How can `serde` impls take better advantage of length hints? #2494

jamesmunns · 2023-07-08T18:50:52Z

Hi there, author of postcard here, I had a user report an issue where deserializing a Vec<u8> significantly overallocated. They were deserializing a Vec<u8> of length 9000, and were panicking because they failed to allocate 16KiB (this is on an embedded target with std but limited memory).

This is sort of explainable with Vec's growth strategy, which is currently power-of-two-ish, but seemed disappointing as postcard as a format will always know the length of byte arrays ahead of time.

We also tried switching to Box<[u8]>, but it looked like Vec<u8> was used as an intermediary, so it did not help.

I was able to reproduce this on desktop, and I was able to provide a workaround, roughly:

#[derive(Serialize, Deserialize)]
struct Data3 {
    #[serde(deserialize_with = "deserialize_vec")]
    v: Vec<u8>,
}

fn deserialize_vec<'de, D>(deserializer: D) -> Result<Vec<u8>, D::Error>
where
    D: Deserializer<'de>,
{
    struct MaxVisitor(PhantomData<u8>);

    impl<'de> Visitor<'de> for MaxVisitor
    {
        /// Return type of this visitor. This visitor computes the max of a
        /// sequence of values of type T, so the type of the maximum is T.
        type Value = Vec<u8>;

        fn expecting(&self, formatter: &mut fmt::Formatter) -> fmt::Result {
            formatter.write_str("a nonempty sequence of numbers")
        }

        fn visit_bytes<E>(self, v: &[u8]) -> Result<Self::Value, E>
        where
            E: de::Error,
        {
            let mut buf = Vec::with_capacity(v.len());
            buf.extend_from_slice(v);
            Ok(buf)
        }
    }

    // Create the visitor and ask the deserializer to drive it.

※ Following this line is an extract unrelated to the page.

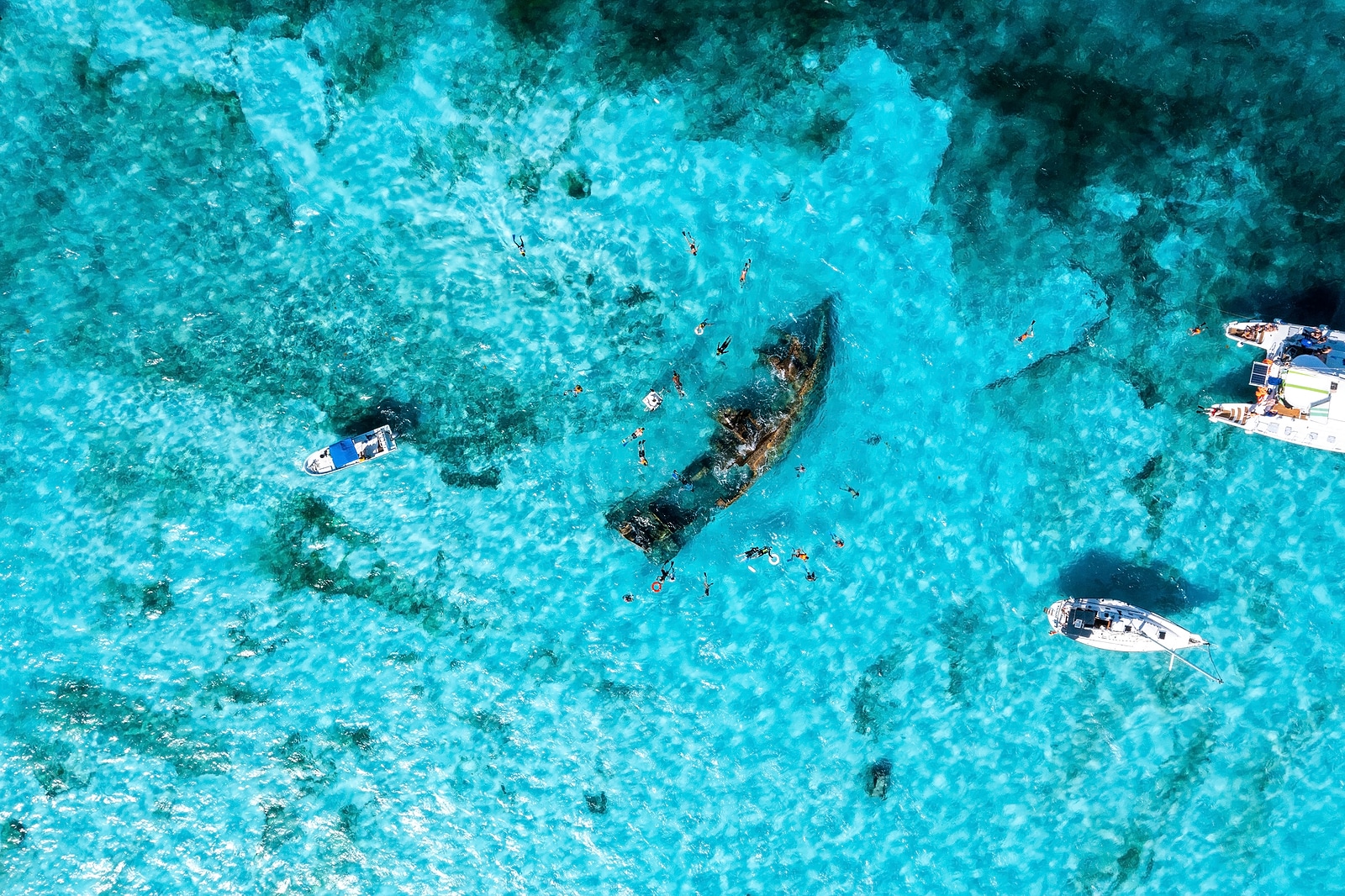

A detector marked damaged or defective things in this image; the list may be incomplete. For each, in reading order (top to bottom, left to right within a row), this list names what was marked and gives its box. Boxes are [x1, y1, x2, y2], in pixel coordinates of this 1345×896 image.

rusted shipwreck hull [608, 299, 828, 565]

The
    // deserializer will call visitor.visit_seq() if a seq is present in
    // the input data.
    let visitor = MaxVisitor(PhantomData);
    deserializer.deserialize_bytes(visitor)
}

Which I observed allocated exactly the right amount only once.

Is there any way I can make this always the case from postcard's perspective, at least for [u8] (and potentially str)?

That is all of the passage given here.